A weekly newspaper editor threatened with redundancy has published a front-page story about staff walking out on indefinite strike against the proposed job cuts tomorrow.
It is the second time in a month that South Yorkshire Times editor Jim Oldfield has reported on Johnston Press‘ plans to make him, a reporter and an editorial assistant redundant in its Mexborough office – halving the number of staff on the newspaper.
And Oldfield’s insistence on covering the dispute is understood to have led to a run-in with management yesterday.
According to NUJ sources, South Yorkshire Newspapers editor in chief Graeme Huston was approached for a comment on the page one story on Wednesday, the day before it went to press.

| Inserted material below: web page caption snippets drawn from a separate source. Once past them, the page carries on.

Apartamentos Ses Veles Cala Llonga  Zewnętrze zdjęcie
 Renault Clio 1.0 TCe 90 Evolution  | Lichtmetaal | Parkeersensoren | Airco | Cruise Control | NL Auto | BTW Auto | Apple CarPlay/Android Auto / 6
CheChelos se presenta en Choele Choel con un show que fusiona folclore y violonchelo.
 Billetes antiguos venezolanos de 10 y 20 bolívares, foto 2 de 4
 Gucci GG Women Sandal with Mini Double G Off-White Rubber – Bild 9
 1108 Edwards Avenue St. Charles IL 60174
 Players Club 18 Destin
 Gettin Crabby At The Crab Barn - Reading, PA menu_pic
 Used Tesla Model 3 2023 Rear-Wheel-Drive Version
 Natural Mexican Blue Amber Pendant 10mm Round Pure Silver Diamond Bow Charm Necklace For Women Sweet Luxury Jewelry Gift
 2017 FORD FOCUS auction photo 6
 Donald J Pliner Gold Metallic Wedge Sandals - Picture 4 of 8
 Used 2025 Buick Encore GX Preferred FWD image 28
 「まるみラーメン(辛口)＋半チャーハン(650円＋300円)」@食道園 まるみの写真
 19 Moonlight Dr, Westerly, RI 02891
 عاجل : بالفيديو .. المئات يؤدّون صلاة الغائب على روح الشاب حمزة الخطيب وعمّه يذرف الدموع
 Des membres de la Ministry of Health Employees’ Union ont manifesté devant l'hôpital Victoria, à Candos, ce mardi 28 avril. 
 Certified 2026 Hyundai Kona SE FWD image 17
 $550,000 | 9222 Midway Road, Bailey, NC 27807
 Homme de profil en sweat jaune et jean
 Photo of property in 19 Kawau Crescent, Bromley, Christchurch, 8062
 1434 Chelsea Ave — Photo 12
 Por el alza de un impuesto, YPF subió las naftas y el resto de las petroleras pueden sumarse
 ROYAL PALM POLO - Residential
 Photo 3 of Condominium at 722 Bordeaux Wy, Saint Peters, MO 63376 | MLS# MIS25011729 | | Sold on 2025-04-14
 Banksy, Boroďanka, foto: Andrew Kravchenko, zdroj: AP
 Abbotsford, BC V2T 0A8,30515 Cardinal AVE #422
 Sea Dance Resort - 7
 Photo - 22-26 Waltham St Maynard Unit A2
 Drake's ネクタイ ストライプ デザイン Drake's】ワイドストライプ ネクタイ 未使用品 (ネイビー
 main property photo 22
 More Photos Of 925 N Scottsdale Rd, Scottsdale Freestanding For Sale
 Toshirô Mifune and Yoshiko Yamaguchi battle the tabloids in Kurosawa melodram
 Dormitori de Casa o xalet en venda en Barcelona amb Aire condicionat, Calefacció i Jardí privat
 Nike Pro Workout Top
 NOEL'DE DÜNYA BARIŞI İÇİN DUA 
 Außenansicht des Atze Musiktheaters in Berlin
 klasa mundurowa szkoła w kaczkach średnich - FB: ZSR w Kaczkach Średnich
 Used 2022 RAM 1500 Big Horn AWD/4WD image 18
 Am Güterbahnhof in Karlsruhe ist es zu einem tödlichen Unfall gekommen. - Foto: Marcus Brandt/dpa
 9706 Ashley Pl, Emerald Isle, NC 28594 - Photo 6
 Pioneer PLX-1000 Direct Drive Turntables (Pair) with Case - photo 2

Again according to sources, the paper was late going to the printers while a dispute over the final wording of the piece was thrashed out.
Oldfield agreed to make some minor changes – but refused to alter key passages relating to the title’s performance when it was run by staff at the Doncaster Free Press and circulation fell from 5,500 to 4,000.
Oldfield wrote: ‘Since 2009, it has been run from Mexborough , during which time the inherited circulation losses were stemmed to make the title South Yorkshire’s best-performing paid-for newspaper last year, with an average loss of 3.3 per cent.”
In the company’s editors’ handbook chief executive John Fry states that ‘editors must be free to edit without management interference”.
Under plans being proposed by Johnston, the editor of the South Yorkshire Times, the sports editor of the Doncaster Free Press and the editor of the Goole Courier will be made redundant, and the Goole and Selby Times operations will be merged under one editor.
As editor-in-chief Huston would take over responsibility for the South Yorkshire Times based in Doncaster.
Last week NUJ members at South Yorkshire News voted unanimously in favour of an indefinite strike from tomorrow.
They also passed a second unanimous vote of no confidence in Huston, and no confidence votes in South Yorkshire Newspapers managing director John Bills and the Johntson Press senior management team in Edinburgh.
Johnston Press was unavailable for comment, but in the story that was published in today’s paper Bills was quoted as saying: “Following the proposal announced on 17 June to create a new multimedia hub in Doncaster for South Yorkshire Newspapers the company is disappointed that the NUJ Chapel for South Yorshire Newspapers have voted to take industrial action as from 15 Friday July.
“Steps have been taken to ensure that the quality and frequency of our publications will not suffer as a result of any action taken by the NUJ in South Yorkshire Newspapers.”